The first track ‘Welcome To The Jungle’ will ring familiarity through the ears for most people. The opening guitar riff and descending intro alone make this song one of the best live concert openers of all time. Creating a speedy dual assault of both ‘heavy’ and ‘melody’ alike, a spiraling drum-led breakdown towards the end and the shrieking choruses delivered by Axl Rose, this number has all the core ingredients of what made early GnR great! I wouldn’t say any song from ‘Appetite’ by itself is truly indicative of the entire record but ‘Jungle’ would be the number one contender. If you don’t like this song then you probably don’t like Guns ‘N’ Roses.
For me personally the song ‘Nightrain’ takes the silver medal of the album, a mid-tempo drinking/hoedown anthem with catchy hooks to be found in both the main guitar riff and the vocal melodies, especially when Axl cranks his screams up a few notches on the bridge. One of the slower tracks but definitely give this one a listen.
‘Paradise City’, sonically speaking, doesn’t need any description from me since even the most casual of music listeners has already heard it and knows the famously catchy chorus by heart. The band allegedly wrote the song in the back of a rental transit van as they returned home from a gig, the boys jammed with guitars while Axl and Slash improvised two subtly different choruses, the one we all know and love and an another involving girls with “big titties”.

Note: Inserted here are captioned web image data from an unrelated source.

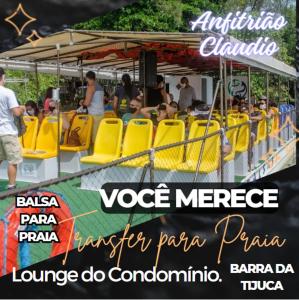 un autobus con sedie gialle e persone sopra di Flat com Vista Panorâmica na Barra da Tijuca a Rio de Janeiro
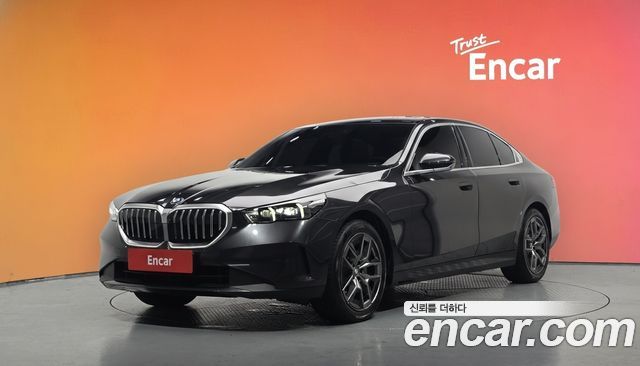 BMW 5-Series 2025 — photo 1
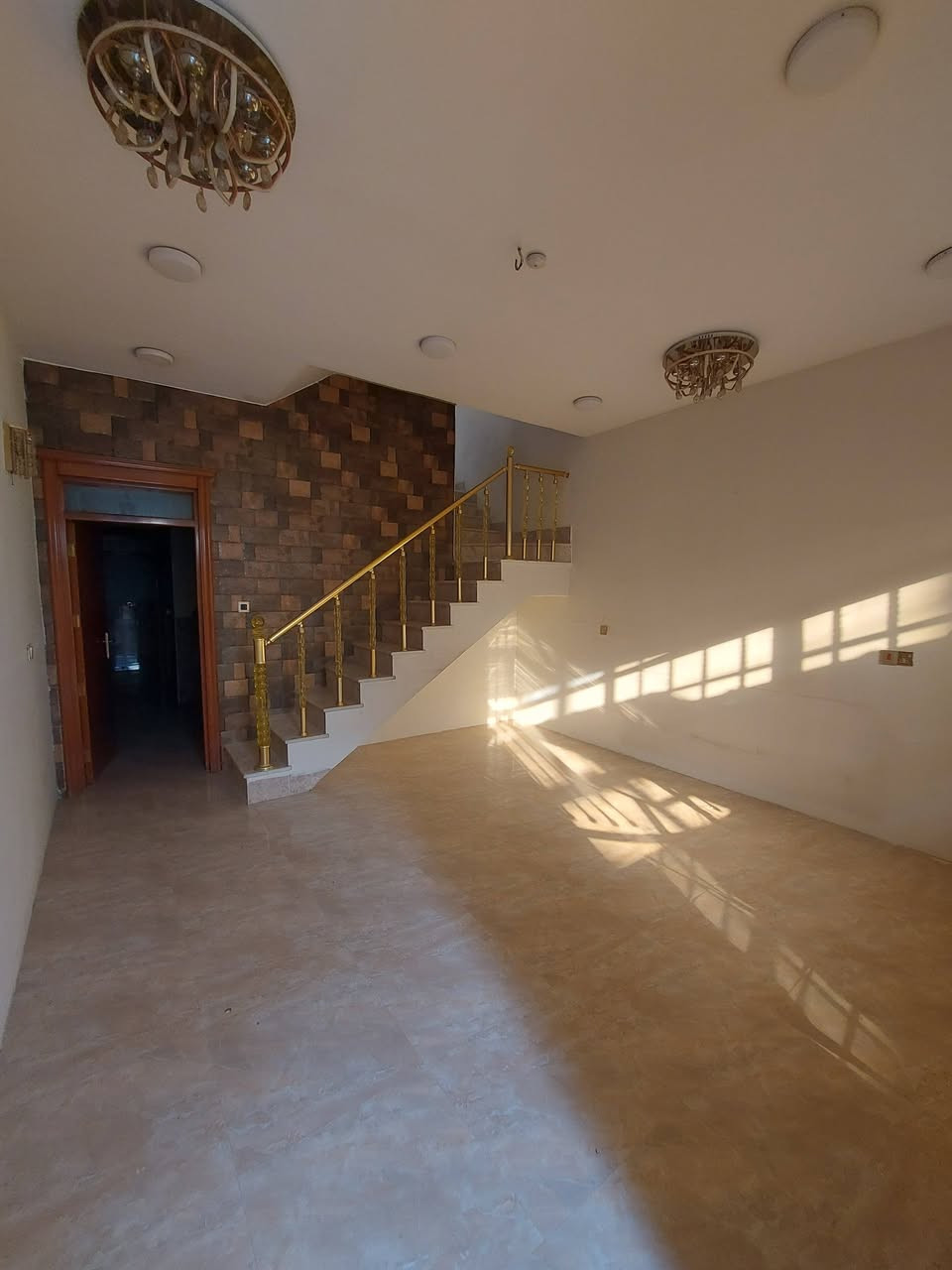 🏘 دار للأيجار ✅️ بعقوبة البحيرة ✅️ بناء حديث ✅️ موقع مميز ✅️ خدمات كاملة 
✅️ مقابل معهد الأماني للتدريس الخصوصي 
🏚 ايجار الدار [[ ٥٠٠ ]] قابل للتفاوض 
🔺️ مساحة ( ١٠٠ ) متر 
🏚 طابق الأول ( ١ ) غرفة نوم ✅️ ستقبال ✅️ صالة ✅️ مطبخ ✅️ مجموعة صحيات ✅️ مناور ( ٢ ) ✅️ كراج سيارة 
🏘 طابق ثاني ( ٢ ) غرفة نوم ✅️ صالة ✅️ مجموعة صحيات ✅️ بيتونة ✅️ مع سطحين
للاستفسار مع مكتب نجاح العميري للعقار ☎️
 موقع المكتب ⬅️ مدخل العزات مجاور اسواق نوتيلا الغذائية 🛒 او التواصل على الماسنجر او الواتساب على الرقم *********** 📞📞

‘My Michelle’ opens with a placid and deceptive intro featuring some bluesy basslines but it quickly returns to GnR norm when the song drops. Another mid-tempo number but significantly heavier than ‘Nightrain’. The lyrics dish out a brutal character assassination of a close friend of the band. With lines like ‘your daddy works in porno now that mommy’s not around, she used to love her heroin but now she’s underground’, Axl clearly wasn’t holding his punches.
‘Thinking About You’ takes the gold medal by a fair distance for me. It is one of the faster tracks and features some of the most intricate guitar work on the record from both Slash and Izzy Stradlin alike. The clean melodies on the chorus are worth particular mention, as they sound unique compared to the more raw quality of most other guitar layers on the album. It’s a short, smack-you-in-the-gut hard rock number and displays the band at their very best. Curiously this fast-paced song slows to a crawl right at the end with a couple of haunting guitar notes and works as a good transition to the next track.

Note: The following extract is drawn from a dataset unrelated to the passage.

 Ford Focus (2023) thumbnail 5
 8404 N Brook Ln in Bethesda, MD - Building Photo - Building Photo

‘Sweet Child O’ Mine’ creates its own identity for two reasons; firstly it is the only real power ballad on the record and secondly it features Slash’s greatest and most iconic guitar solo. Annoyingly part of this solo is removed from the radio edit used for the music video so give the full ‘5.56’ version a listen or you’re missing out big time! The circus like intro melody was actually a joke riff Slash came up with to distract the other band members during a band session while he was pulling stupid faces. Now it’s one of the most well known rock melodies of all time…
Finally I want to mention ‘Rocket Queen’, the longest and most progressive track on the album. Once again it is predominantly a mid-tempo number, opening with a simple drum beat, funky basslines and turning almost psychedelic when the guitars come in.
The band’s blues influences also come across more apparently in this number than most, especially with the instrumental breakdown before the halfway mark. Some brilliant call and response between the guitars and bass on this one and I’d award ‘Rocket Queen’ the bronze medal of the album. More useless trivia; Axl brought a ladyfriend into the studio and the band recorded the noises she made while they did the dirty deed. Those “vocals” can be heard on the track during the first breakdown… sums up the old GnR pretty concisely!
Anyways not every track was covered here but these are simply my favourites from what is one of the greatest hard rock albums of all time. So if you’ve heard anything from GnR before and liked it, give this entire record a go.